とても深いグリーン

推しがみんな緑担当。書きたいことを書きたいときに。徒然なるままに。

LUNGS感想ブログー大阪公演編ー

 

 

こんばんは。

今回は11月9日に無事大阪公演の千秋楽を終えた、

舞台「LUNGS」の超個人的感想を述べたいと思います。

考察なんて高尚なものは書けないので、あくまでも感想です。

 

 

www.lungs.jp

 

 

 

 

元々東京公演が終わってから書こうと思っていたのですが、

毎回感じ方が変わりそうだなと思ったので大阪は大阪で書こうと思います。

 

 

 

主演は我らが神山智洋さん。

東京公演が中止、延期になってから1ヶ月で新キャストの奥村佳恵さんとともに

新たに作り上げた「LUNGS」の世界が早く見たくて仕方なかった私。

 

 

終わった瞬間にベンチで携帯のメモ機能に記憶の限りを残してから駅に向かうくらい

印象的な言い回しやセリフが多かったです。

所々記憶違いがあったらすみません。

 

 

 

 

以下ネタバレを踏みますので、ネタバレを踏まずに東京公演を観劇したいは

ぜひブラウザバックをお願いいたします。

 

 

今回も何がなんやらといった感じで書き進めますので

お手柔らかにどうぞ!!!

 

 

 

 

 

 

レッツゴー!!!!!!!

 

 

 

 

 

今回の舞台構成は円形の舞台が客席前方までせり出しているような感じ。

A列からD列までのセンターブロック(9〜23番)は潰されていて、

その列のサイドの席の人は座席が横向きになっていました。

完全にお芝居を横から見る感じです。

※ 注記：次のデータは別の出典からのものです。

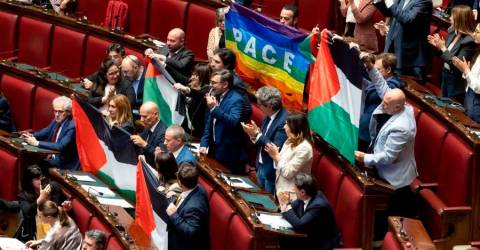 Italy MPs wave Palestinian flag in parliament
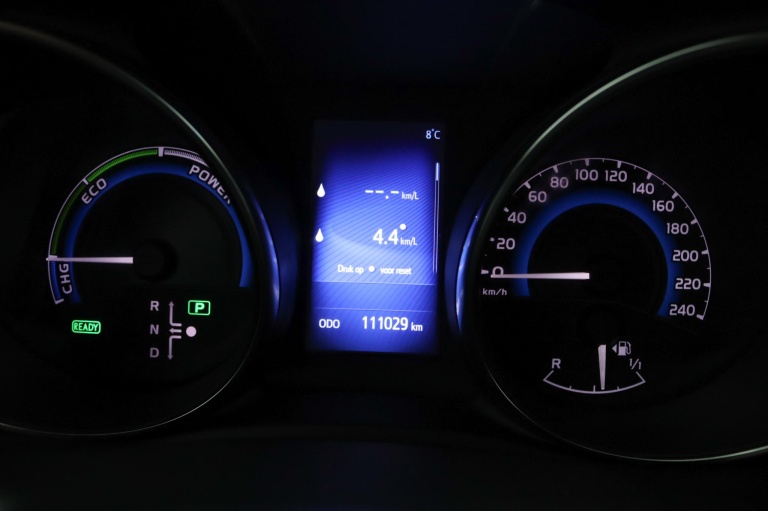 Toyota Auris - 1.8 Hybrid Dynamic 6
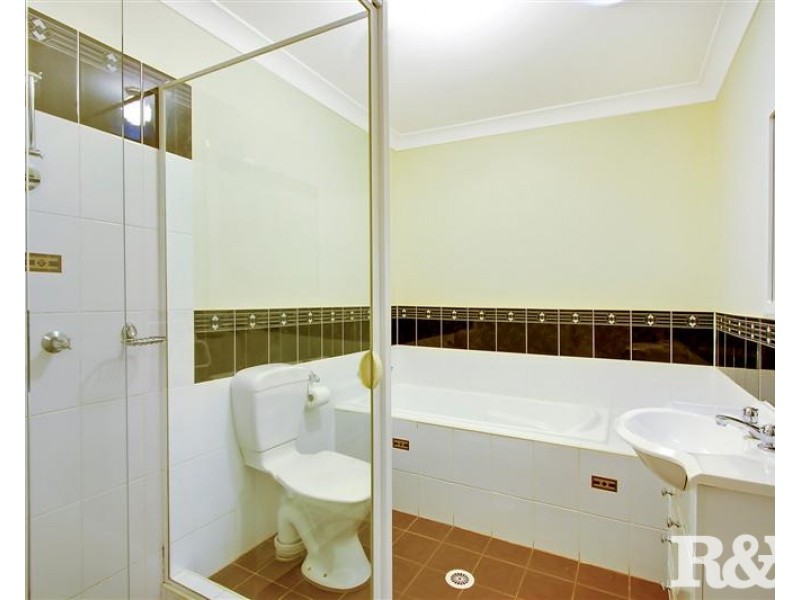 17 Bond Place, Oxley Park NSW 2760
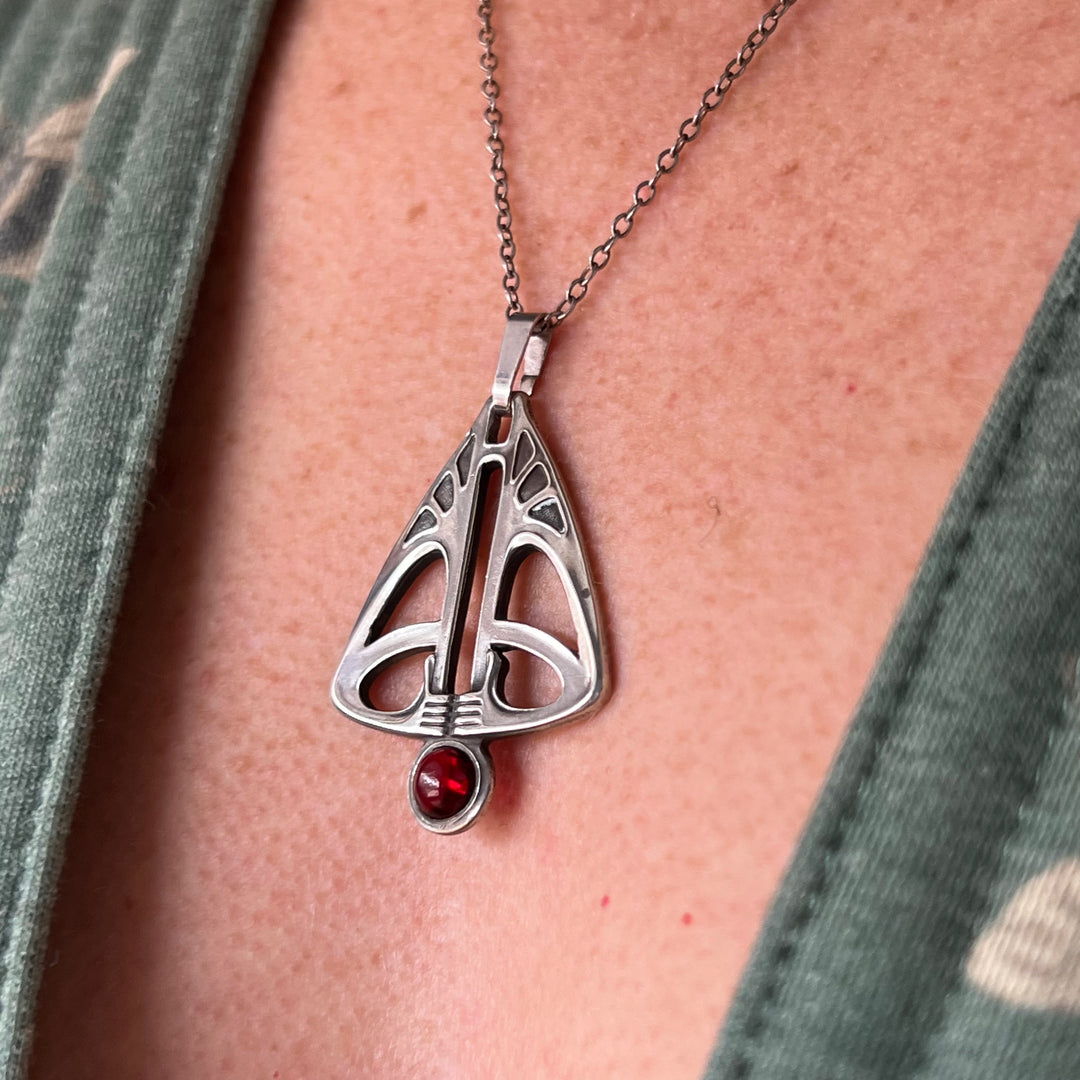 Antique German Jugendstil Silver Garnet Pendant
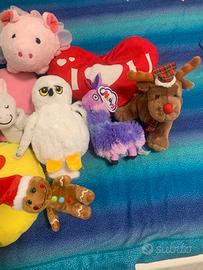 Insieme di peluche e cuscini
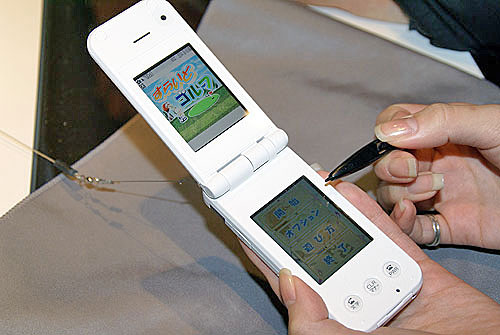 ケータイ　FOMA D800iDS アクセシビリティを考慮した商品【2画面ケータイ「FOMA D800iDS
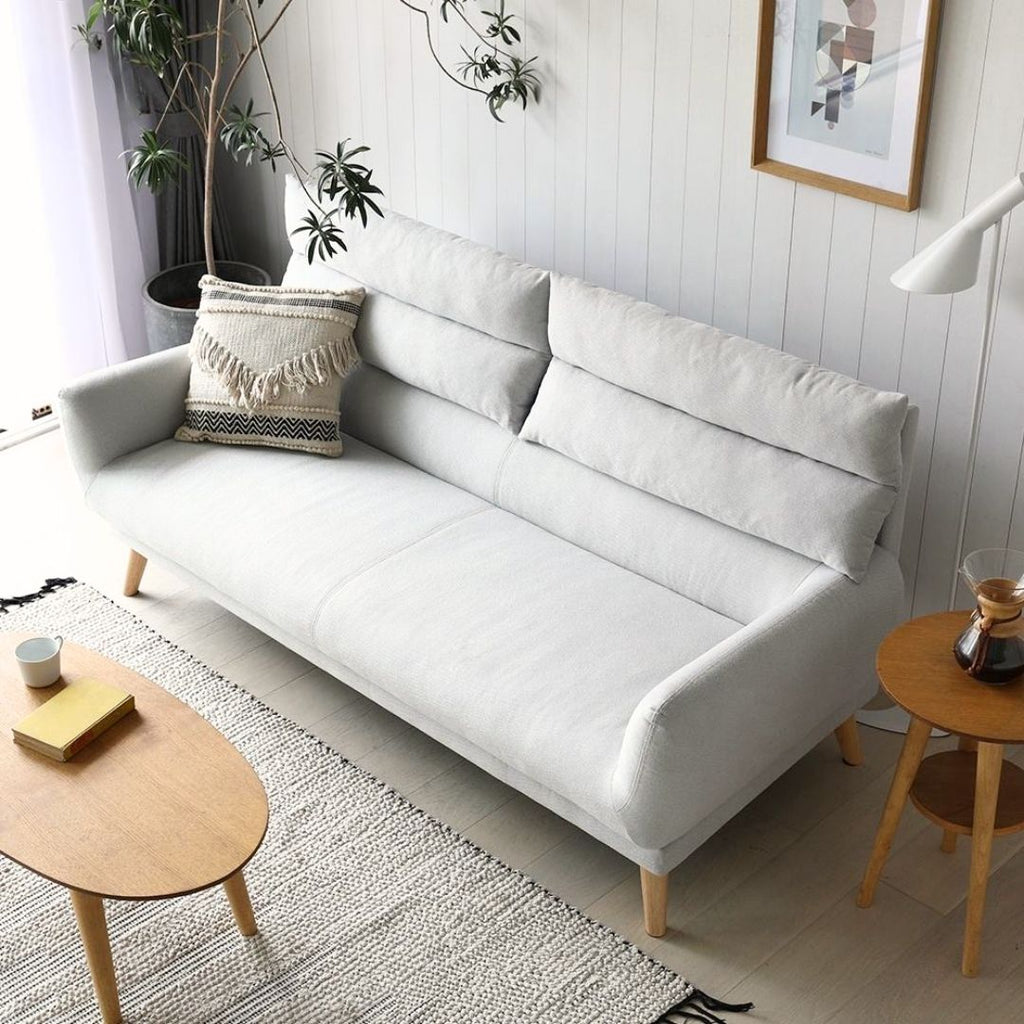 Komfortabel 3-seter sofa med høye ryggputer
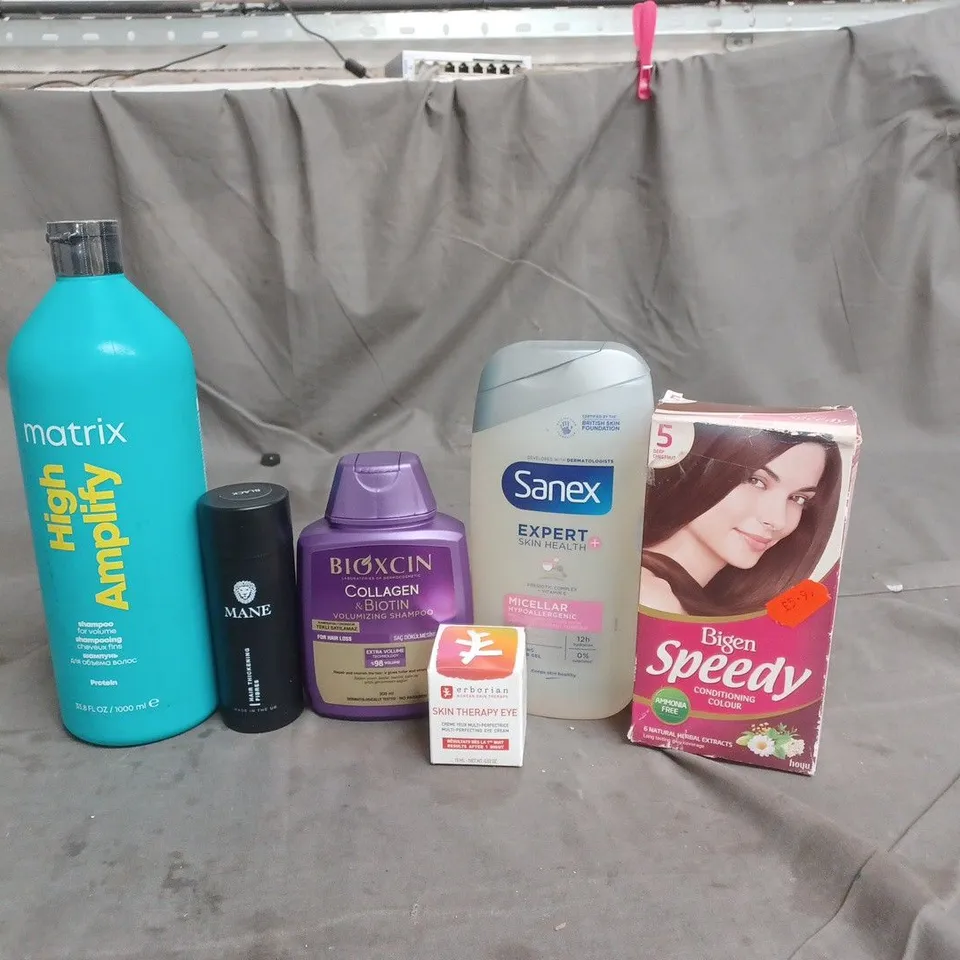 APPROXIMATELY 20 HEALTH AND BEAUTY PRODUCTS TO INCLUDE MATRIX SHAMPOO, SANEX SHOWER GEL AND BIOXCIN SHAMPOO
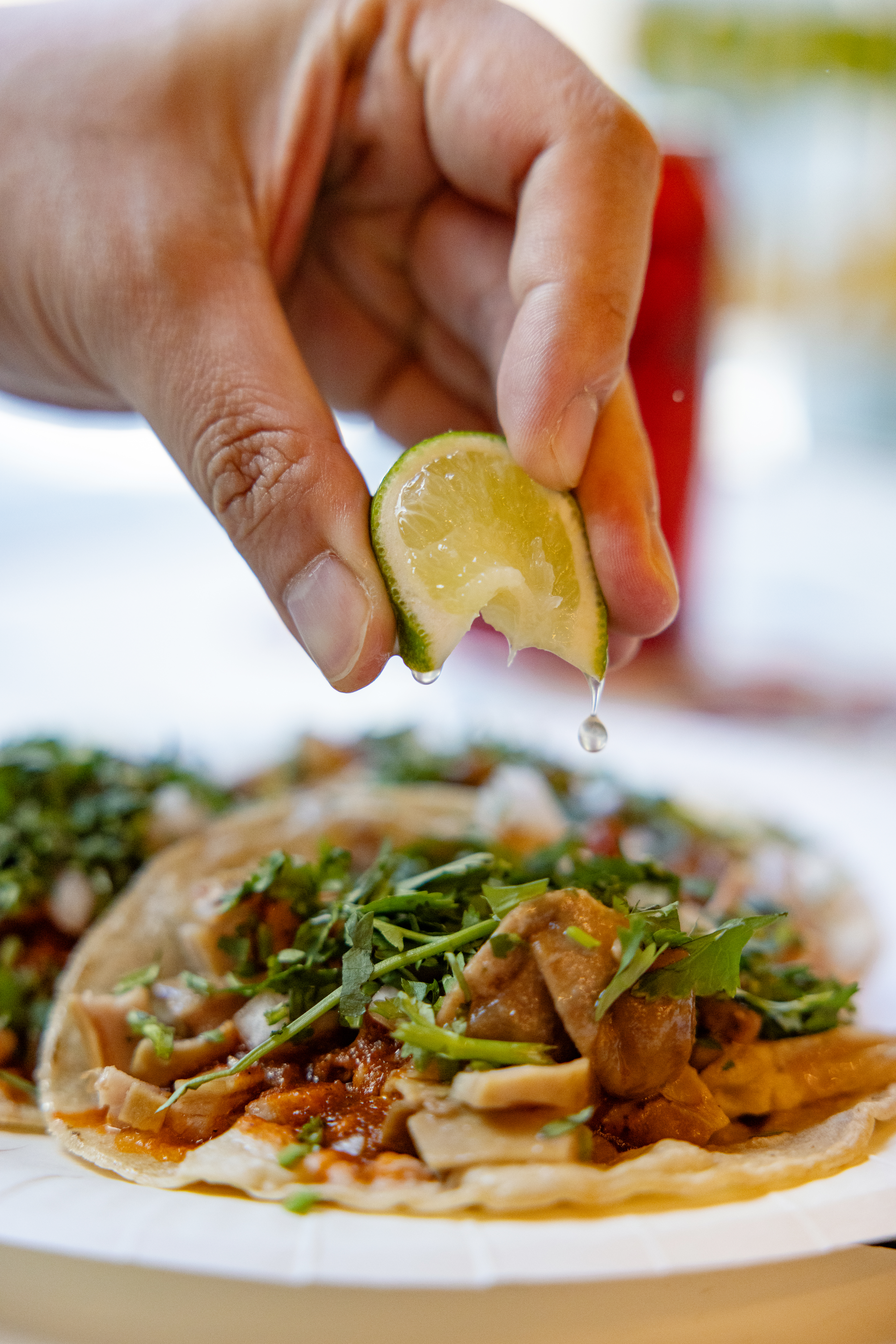‘비야게레로’의 대표 메뉴 까르니따 따꼬 위에 라임을 뿌리는 사진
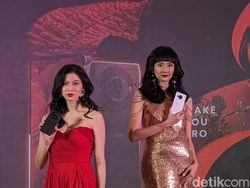 Wujud Sharp Aquos R8s Series, HP Flagship Masih Punya Headphone Jack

羨ましい。

 

 

www.sankeihallbreeze.com

 

 

 

暗転前に2人で登場し、三方礼をしてから準備体操や発声を始めます。

結構長めだったような気がしていて、多分1分半くらいはそれを見ている感じ。

舞台上で演者さんが準備体操する光景を見るのは中々無い経験で、

初めての光景が新鮮でとても面白かったです。

 

 

 

いつまで準備体操するのかなぁ、と思っていたら

二人が徐に向き合ってアイコンタクトを取り、息をガッと吸ったと思ったら突如始まる「LUNGS」

 

 

 

暗転⇨ピンスポの照明の切り替えもあり、

一気に現実世界から切り離された空間に行く感覚が最高に気持ちよかった...。

 

 

 

9月の神山くんの雑誌ラッシュの時に各誌インタビューにて

散々内容の難しさと全体のスピード感については語られていたので、

覚悟して臨んだものの、開始2秒で笑っちゃうくらいの爆速会話www

 

 

お二人とも抜群に滑舌が良くて、よくもまぁこのテンションで噛まないな〜

私なら秒で噛むな〜と思いながら観ていたのですが、

これでは滑舌の良さだけで終わってしまうので、この後は滑舌には触れずに書いていきます。笑

 

 

あと個人的に神山くんの舞台の時の発声が好きでして、

海外映画の吹き替えのお仕事とかめちゃくちゃ合いそうなので

いつかそんなお仕事も来たらいいなぁと改めて思いました!

一人称「僕」が似合う!!素敵!!!

 

神山くんのお芝居はやっぱり舞台向きだよなぁ、、

発声の仕方も声の抜け方もふとした表情も全部素晴らしかった。
英国の香りがするようなセリフの言い回しが抜群に良い!

神山智洋さんにミュージカルの主演ください(;;)

 

 

 

さてさて話を戻して・・・。

 

 

 

どんな過程があったのかよくわからないけど、IKEAで強めの話し合いが始まったらしい二人。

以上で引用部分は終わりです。